On voit ici l'importance de réduire en parallèle le nombre de câbles et le diamètre des câbles en optimisant leur section en fonction de l'effort en traction maximal visé (qui va lui même dépendre de la traînée).
La valeur du coefficient de traînée d'un cylindre infini rigide évolue avec le nombre de Reynolds. Un tableau a été établi par Lienhard.
On peut voir qu'une variation d'un facteur 10 est à attendre en fonction du nombre de Reynolds.
Si l'on vise des vitesse de 1 à 30m/s et des diamètres de 0.1 à 10mm, on obtient un nombre de Reynolds entre 100 et 300 000 (3e5 au delà de la crise de traînée). On peut donc s'attendre à un coefficient de traînée entre 0.2 et 1.4 si le câble est immergé et considéré comme rigide.
On peut noter qu'au passage de la crise de traînée, une multiplication du diamètre par 2 pourrait conduire à une division du coefficient de traînée par 5. On pourrait donc réduire la traînée en augmentant le diamètre ! Cela semble cependant difficilement utilisable en pratique.

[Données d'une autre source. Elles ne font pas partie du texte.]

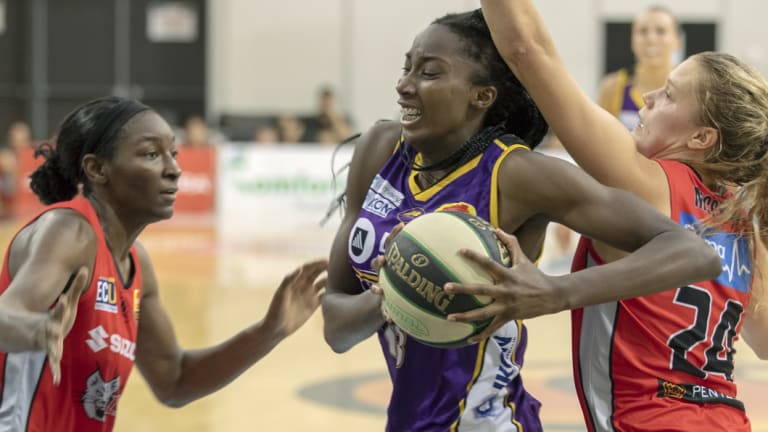 Centre point: Melbourne Boomers star Ezi Magbegor goes to the basket against Pertha Asia Taylor and Brittany McPhee.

Plusieurs phénomènes modifient cependant la traînée :
- dissipation d'énergie par la vibration du câble flexible (strumming),
- ventilation : de l'air s'introduit dans la dépression créé par le sillage du câble,
- vague d'étrave et sillage de surface.
L’occurrence de la cavitation est peu probable dans notre cas, le câble traversant la surface de l'eau, il va d'abord ventiler.
https://figshare.utas.edu.au/articles/thesis/Hydrodynamics_of_vertical_surface-piercing_cylinders/23251181?file=40975403
https://www.researchgate.net/publication/336146259_Hydrodynamics_of_Towed_Vertical_Surface-Piercing_Cylinders
Vibrations
La dissipation de l'énergie (par "grattage") a été étudiée dans le cadre des sonars notamment.
- Determination of normal drag coefficients for flexible cables
- The Strumming Vibrations of Marine Cables: State of the Art
- Dynamics of undersea cables
n : nombre de segments du câble vibrant dans la longueur du câble
f : fréquence des oscillations
L : longueur du câble
T : tension du câble
$$m_{c}$$ : masse linéique virtuelle du câble (masse + masse ajoutée)
$$L={n \over 2f} \cdot \sqrt{{T \over m_{c}}}$$
La fréquence de Strouhal
$$St={f \cdot d \over u}$$
avec
d: diamètre du câble
u: vitesse relative du fluide
La formule suivante a été proposée (mais pas validée par d'autres études) :
$$CDs=CD \cdot (1+10 \cdot ({d² \over m{c}})²)$$
La masse ajoutée pour un cylindre est connue, elle est égale à la masse d'eau correspondante.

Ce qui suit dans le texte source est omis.